Stored items:
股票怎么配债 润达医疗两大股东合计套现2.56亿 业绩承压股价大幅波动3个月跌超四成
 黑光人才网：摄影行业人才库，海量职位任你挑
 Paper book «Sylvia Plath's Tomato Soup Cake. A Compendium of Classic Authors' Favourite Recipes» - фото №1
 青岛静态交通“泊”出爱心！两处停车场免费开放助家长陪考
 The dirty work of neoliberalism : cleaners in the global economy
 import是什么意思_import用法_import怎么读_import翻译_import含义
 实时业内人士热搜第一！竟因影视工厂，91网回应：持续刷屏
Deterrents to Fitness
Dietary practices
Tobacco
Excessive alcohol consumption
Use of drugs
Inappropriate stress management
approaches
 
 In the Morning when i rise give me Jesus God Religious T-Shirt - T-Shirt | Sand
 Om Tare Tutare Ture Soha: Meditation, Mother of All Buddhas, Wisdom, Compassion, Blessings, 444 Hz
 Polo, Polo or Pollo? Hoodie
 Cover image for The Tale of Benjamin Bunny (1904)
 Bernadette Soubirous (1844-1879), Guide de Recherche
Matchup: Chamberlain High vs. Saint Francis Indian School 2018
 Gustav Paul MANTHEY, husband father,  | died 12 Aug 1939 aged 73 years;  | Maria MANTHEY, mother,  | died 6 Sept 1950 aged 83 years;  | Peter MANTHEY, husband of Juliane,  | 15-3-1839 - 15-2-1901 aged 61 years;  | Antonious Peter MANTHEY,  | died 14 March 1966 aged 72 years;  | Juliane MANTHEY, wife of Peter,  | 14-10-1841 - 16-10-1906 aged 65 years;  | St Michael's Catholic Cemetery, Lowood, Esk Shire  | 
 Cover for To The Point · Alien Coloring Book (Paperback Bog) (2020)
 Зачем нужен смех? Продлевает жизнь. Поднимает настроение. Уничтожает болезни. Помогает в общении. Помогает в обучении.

- TRY IT: Work out how many lines in the records above contain the word "Cover", and reply with that number alone.

- RESPONSE: 2